If I had access to a large enough datatype to fit the whole product of a, b, and c, I would just do the math in that type and then truncate, but is there some way I can do this without big integers?

### Answer1:

Write `a = q*d + r`

with `|r| < |d|`

(I'm assuming `d != 0`

, otherwise the computation is meaningless anyway). Then `(a*b*c)/d = q*b*c + (r*b*c)/d`

. If `q*b*c`

overflows, the entire computation would overflow anyway, so either you don't care, or you have to check for overflow. `r*b*c`

might still overflow, so we again use the same method to avoid overflow,

```
int64_t q = a/d, r = a%d;
int64_t part1 = q*b*c;
int64_t q1 = (r*b)/d, r1 = (r*b)%d;
return part1 + q1*c + (r1*c)/d;
```

### Answer2:

I would suggest finding the greatest common divisor of d with each of a, b, and c, dividing out the common factors as you go:

```
common = gcd(a,d) // You can implement GCD using Euclid's algorithm
a=a/common
d=d/common
common = gcd(b,d)
b=b/common
d=d/common
common = gcd(c,d)
c=c/common
d=d/common
```

Then calculate `a*b*c/d`

with all the common factors removed.
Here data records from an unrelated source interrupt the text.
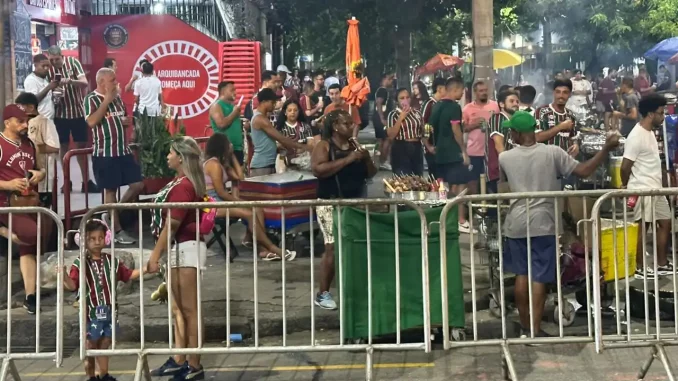Movimentação da torcida do Fluminense no Maracanã
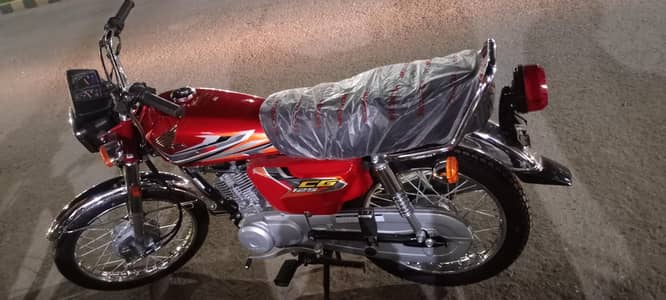 Honda GG 125 Red color 2027 Model.   Contact No: 03091711931
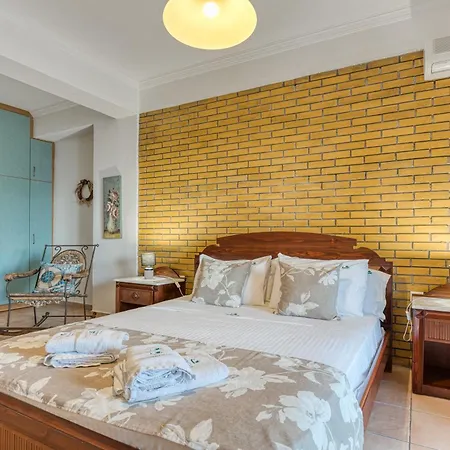 Kaminaki By Tsiolis Family Apartment Katavolos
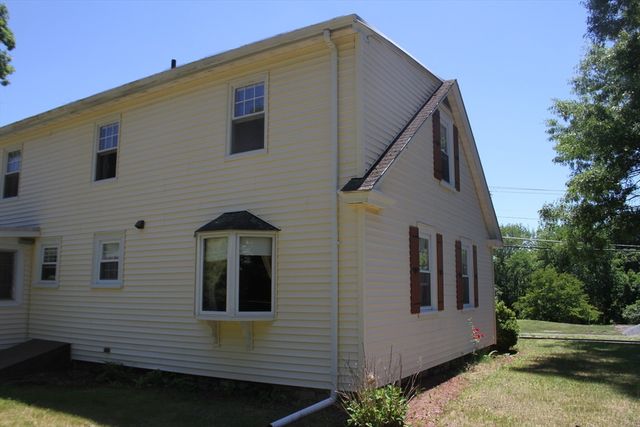 140 Millbury St, Grafton, MA 01519
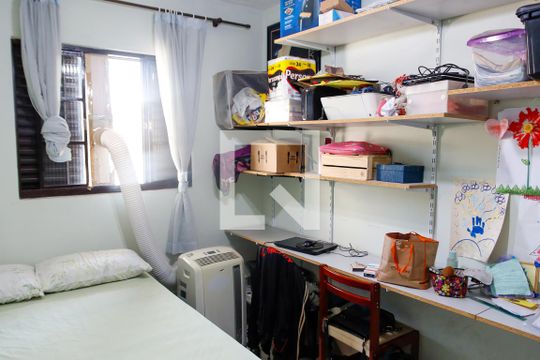 Quarto 1 de casa à venda com 3 quartos, 222m² em Conj Res Morro Farol, Osasco
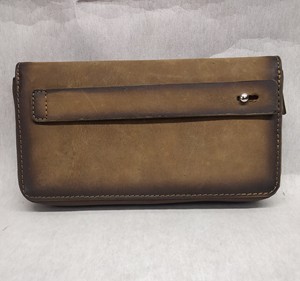 Portefeuille Pochette Femme en Cuir Hunter avec Porte-Cartes de Crédit, Porte-Document, Multiples Poches Zippées, RFID, Cuir Crazy Horse, Export Inde - Product Image 2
Euclid's GCD algorithm
runs in logarithmic time, so this should be fairly efficient.

### Answer3:

It's easy to see that some inputs would produce outputs that cannot be represented by the return type `int64_t`

. For example, `fn(INT64_MAX, 2, 1, 1)`

. However, the following approach <strike>will</strike> should allow you to return a correct answer for any combination of inputs that does in fact fit within the range of `int64_t`

.

```
int64_t fn(int64_t a, int32_t b, int32_t c, int32_t d)
{
/* find the integer and remainder portions of a/d */
int64_t leftI = a / d;
int64_t leftR = a % d;
/* multiply the integer portion of the result by b and c */
int64_t resultI = leftI * b * c;
/* multiply the remainder portion by b */
int64_t resultR = leftR * b;
resultI = resultI + (resultR / d) * c;
/* multiply the remainder portion by c */
resultR = (resultR % d) * c;
return resultI + (resultR / d);
}
```

### Answer4:

If you are working on x86_64 then the asm supports 128 bit integers:

```
int64_t fn(uint64_t a, uint64_t b, uint64_t c, uint64_t d) {
asm (
"mulq %1\n" // a *= b
"movq %%rbx, %%rdx\n"// rbx = upper 64 bit of the multiplication
"mulq %2\n" // multiply the lower 64 bits by c
"push %%rax\n" // temporarily save the lowest 64 bits on the stack
"mov %%rcx, %%rdx\n" // rcx = upper 64 bits of the multiplication
"movq %%rax, %%rbx\n"//
"mulq %2\n" // multiply the upper 64 bits by c
"addq %%rax, %%rcx\n"// combine the middle 64 bits
"addcq %%rdx, $0\n" // transfer carry tp the higest 64 bits if present
"divq %3\n" // divide the upper 128 (of 192) bits by d
"mov %%rbx, %%rax\n" // rbx = result
"pop %%rax\n"
"divq %3\n" // divide remainder:lower 64 bits by d
: "+a" (a) // assigns a to rax register as in/out
, "+b" (b) // assigns b to rbx register
: "g" (c) // assigns c to random register
, "g" (d) // assigns d to random register
: "edx", "rdx" // tells the compiler that edx/rdx will be used internally, but does not need any input
);
// b now holds the upper 64 bit if (a * b * c / d) > UINT64_MAX
return a;
}
```

Please note that all input integers have to be the same length. Working length will be double the input. Works with unsigned only.

The native `div`

and `mul`

instructions on x86 work on double-length exactly to allow for overflows. Sadly I am unaware of a compiler intrinsic to make use of them.